Acto seguido, se dio la vuelta y se marchó con paso airado. Dos miembros de la guardia de Sharif, armados con sendos Kalashnikov, hicieron el ademán de seguirlo.
—Dejadlo marchar —ordenó Sharif—. Ya conocemos a Mukhtar y sus arrebatos.
—¡Esta vez se ha excedido! —protestó un clérigo—. ¡Nos ha acusado de traición! ¡A nosotros! ¡Y digas lo que digas, te ha faltado al respeto! Hace tiempo que debíamos de haberle parado los pies.
—Es un buen combatiente —respondió Sharif—. Y para ser sincero, en el fondo desearía que fuera él quien tuviera razón y nosotros los equivocados.
Acompañado de sus dos guardaespaldas, Mukhtar salió de la casa de Sharif y montó en el coche que lo llevaría de vuelta a Jerusalén. Aquella reunión había sido una estupidez. Las demás facciones palestinas estaban lideradas por débiles y ancianos. Había sido buena idea cortar con ellos. Ahora sería él quien liderara la respuesta musulmana a la herejía occidental. Debía regresar con rapidez a su refugio en Jerusalén y poner en marcha el plan.
Pese a realizarse en plena noche, era un viaje peligroso. Tan solo debían llegar al túnel de Al-Azariyah, pero incluso así, el regreso no estaba exento de riesgos.
—Ha llegado la hora de que activemos el plan que llevamos tanto tiempo preparando —le ordenó a Abdul—. ¿Está Habib listo?
—Lleva ya varios días trabajando en el complejo Weizman, Ulema Mukhtar. Ha conseguido un puesto en el almacén de reaprovisionamiento. Es un chico muy inteligente. Apenas tuvimos que instruirle para las pruebas…
—Bien, bien —le cortó Mukhtar—. Así tendremos más fácil introducir los explosivos —Mukhtar se mesó la barba con las manos, pensativo—. Igual podemos hacerlo este mismo fin de semana.
—Ulema, estamos a viernes —señaló Abdul, escéptico.
—El fin de semana habrá menos vigilancia. Será más fácil. Y debemos actuar rápido. Antes de el grupo de perros y traidores consume su claudicación. El enemigo ha adormecido a nuestro pueblo con sus mentiras. ¡Pero yo salvaré al Islam de su letargo! Y del mejor modo posible: Una acción espectacular en el mismo corazón de la herejía —repitió Mukhtar, sonriente—. ¡Y cuando todo el complejo salte por los aires, el mundo entero comprenderá que no se puede desafiar a Alá ni a su profeta!
Abdul, que conocía bien la personalidad mesiánica de Mukhtar, cambió malévolamente de tema.
—¿Qué hacemos con la joven americana? La novia del periodista.
Mukhtar, un poco fastidiado por aquel requiebro, se quedó pensativo unos instantes.
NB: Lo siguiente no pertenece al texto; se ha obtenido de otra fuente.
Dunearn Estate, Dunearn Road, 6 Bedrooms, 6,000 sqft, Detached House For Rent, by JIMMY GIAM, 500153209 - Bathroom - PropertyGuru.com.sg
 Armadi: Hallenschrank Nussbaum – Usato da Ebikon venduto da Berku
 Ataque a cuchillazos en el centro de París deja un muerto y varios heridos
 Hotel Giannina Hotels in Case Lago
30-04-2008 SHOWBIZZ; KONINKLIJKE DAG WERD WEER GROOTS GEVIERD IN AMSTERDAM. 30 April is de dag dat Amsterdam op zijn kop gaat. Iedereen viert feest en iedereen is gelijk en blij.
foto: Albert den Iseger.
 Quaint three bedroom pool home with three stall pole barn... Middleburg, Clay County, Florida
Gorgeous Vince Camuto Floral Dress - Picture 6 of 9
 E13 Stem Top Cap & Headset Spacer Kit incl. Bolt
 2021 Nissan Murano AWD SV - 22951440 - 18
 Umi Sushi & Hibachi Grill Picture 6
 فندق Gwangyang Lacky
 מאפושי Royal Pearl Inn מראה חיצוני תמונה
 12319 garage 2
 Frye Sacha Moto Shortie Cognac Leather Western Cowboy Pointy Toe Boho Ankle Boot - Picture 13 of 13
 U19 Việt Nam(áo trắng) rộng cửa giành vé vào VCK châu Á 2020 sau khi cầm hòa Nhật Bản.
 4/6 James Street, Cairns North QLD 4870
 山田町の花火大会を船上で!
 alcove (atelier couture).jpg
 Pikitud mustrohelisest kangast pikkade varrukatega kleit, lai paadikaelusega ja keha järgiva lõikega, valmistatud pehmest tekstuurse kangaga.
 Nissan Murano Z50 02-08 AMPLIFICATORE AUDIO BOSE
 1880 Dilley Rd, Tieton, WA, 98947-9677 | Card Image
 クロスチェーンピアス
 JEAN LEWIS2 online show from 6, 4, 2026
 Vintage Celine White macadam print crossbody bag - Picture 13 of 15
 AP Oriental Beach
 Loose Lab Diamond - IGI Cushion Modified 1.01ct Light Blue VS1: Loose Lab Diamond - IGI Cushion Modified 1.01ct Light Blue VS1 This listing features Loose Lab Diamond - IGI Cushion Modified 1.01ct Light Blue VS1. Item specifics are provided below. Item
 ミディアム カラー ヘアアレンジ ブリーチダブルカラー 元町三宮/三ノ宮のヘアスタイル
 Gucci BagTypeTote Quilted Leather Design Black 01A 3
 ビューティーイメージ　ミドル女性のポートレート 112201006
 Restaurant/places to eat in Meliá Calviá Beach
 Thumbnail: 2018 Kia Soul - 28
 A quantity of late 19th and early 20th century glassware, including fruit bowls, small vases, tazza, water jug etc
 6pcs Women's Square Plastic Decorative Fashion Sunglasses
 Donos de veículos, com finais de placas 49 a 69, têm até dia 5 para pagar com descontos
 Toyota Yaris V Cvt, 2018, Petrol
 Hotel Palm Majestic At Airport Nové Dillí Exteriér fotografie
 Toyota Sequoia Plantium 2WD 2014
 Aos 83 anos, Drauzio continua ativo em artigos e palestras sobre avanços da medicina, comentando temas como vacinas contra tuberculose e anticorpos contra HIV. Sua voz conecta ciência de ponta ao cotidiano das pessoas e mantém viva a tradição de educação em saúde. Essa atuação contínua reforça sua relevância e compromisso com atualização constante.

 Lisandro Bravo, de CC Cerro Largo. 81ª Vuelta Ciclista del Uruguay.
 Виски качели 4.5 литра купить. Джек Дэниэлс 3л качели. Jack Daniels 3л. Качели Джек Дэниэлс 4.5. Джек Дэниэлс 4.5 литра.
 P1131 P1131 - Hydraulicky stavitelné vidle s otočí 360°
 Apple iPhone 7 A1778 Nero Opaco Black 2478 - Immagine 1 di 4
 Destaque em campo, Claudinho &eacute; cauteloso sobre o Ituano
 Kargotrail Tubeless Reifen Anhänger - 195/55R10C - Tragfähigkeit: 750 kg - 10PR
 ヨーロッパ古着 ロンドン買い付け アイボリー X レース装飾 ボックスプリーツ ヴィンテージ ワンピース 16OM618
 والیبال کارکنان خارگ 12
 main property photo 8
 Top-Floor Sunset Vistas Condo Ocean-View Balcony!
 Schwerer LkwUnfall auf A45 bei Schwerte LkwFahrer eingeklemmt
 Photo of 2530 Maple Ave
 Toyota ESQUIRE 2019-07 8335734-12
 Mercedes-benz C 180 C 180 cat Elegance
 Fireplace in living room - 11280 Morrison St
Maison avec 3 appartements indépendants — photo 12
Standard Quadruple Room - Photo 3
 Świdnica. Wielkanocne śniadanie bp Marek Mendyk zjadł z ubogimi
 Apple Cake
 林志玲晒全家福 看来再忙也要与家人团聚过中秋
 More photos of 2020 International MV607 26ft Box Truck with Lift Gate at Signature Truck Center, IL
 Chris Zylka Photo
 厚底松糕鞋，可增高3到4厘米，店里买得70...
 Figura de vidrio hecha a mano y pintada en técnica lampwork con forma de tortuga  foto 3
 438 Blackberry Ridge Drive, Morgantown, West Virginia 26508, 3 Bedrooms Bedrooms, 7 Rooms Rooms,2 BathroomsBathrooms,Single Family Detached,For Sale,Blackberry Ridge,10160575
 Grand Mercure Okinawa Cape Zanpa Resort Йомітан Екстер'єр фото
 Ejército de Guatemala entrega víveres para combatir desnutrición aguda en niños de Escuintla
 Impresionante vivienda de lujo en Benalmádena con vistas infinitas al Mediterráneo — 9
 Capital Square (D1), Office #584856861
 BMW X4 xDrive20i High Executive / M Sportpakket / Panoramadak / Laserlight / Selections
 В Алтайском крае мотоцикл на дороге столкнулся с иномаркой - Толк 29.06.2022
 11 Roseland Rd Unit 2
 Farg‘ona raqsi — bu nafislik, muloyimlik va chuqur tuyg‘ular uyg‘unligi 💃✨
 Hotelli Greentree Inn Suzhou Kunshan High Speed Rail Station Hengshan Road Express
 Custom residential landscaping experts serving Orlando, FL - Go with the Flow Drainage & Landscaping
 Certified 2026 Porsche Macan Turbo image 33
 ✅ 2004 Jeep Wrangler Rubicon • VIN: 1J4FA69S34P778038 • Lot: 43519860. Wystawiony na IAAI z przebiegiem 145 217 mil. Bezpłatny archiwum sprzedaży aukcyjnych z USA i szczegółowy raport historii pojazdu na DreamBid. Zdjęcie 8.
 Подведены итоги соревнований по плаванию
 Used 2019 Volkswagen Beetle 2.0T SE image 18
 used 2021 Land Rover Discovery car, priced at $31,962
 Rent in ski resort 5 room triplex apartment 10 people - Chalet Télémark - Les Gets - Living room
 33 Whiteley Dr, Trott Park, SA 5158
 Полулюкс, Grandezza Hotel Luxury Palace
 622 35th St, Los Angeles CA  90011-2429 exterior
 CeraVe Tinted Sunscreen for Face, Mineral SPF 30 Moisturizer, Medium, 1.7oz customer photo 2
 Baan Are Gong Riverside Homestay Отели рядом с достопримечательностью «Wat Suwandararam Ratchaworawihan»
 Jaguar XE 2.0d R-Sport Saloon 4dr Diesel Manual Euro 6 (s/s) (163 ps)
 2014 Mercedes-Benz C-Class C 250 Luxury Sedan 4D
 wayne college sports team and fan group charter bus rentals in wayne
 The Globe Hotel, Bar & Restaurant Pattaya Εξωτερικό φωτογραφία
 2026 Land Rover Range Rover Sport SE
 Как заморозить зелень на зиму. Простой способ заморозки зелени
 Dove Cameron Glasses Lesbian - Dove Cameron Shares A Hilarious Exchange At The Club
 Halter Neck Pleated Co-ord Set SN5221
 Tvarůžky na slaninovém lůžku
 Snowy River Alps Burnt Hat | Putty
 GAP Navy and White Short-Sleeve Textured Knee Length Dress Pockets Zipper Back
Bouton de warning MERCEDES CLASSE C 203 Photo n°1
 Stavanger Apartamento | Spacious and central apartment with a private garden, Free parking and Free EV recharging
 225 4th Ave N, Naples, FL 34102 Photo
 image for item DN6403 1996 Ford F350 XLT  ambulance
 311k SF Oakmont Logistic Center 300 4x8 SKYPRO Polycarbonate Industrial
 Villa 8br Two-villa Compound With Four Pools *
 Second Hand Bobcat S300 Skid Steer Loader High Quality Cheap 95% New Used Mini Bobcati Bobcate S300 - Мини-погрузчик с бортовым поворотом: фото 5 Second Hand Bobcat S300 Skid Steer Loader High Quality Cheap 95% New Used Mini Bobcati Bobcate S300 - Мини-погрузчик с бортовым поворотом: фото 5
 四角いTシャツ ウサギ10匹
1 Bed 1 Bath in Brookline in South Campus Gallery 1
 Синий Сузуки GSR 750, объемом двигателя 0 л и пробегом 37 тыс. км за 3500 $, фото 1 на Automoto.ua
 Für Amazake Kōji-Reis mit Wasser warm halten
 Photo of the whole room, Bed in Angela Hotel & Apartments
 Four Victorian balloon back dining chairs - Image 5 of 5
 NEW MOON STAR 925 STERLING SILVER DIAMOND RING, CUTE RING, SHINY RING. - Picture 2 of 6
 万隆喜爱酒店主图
Al final, la idea del secuestro de Susan Sullivan había sido un acierto. De hecho, casi inmediatamente, el director del USA Today se había puesto en contacto con ellos solicitando una reunión entre Brian y Mukhtar. Una petición a la que habían accedido con entusiasmo.
—No la mates todavía. Quiero que el perro que asesinó a mi hermano la vea desangrarse antes de reunirse con ella en el infierno.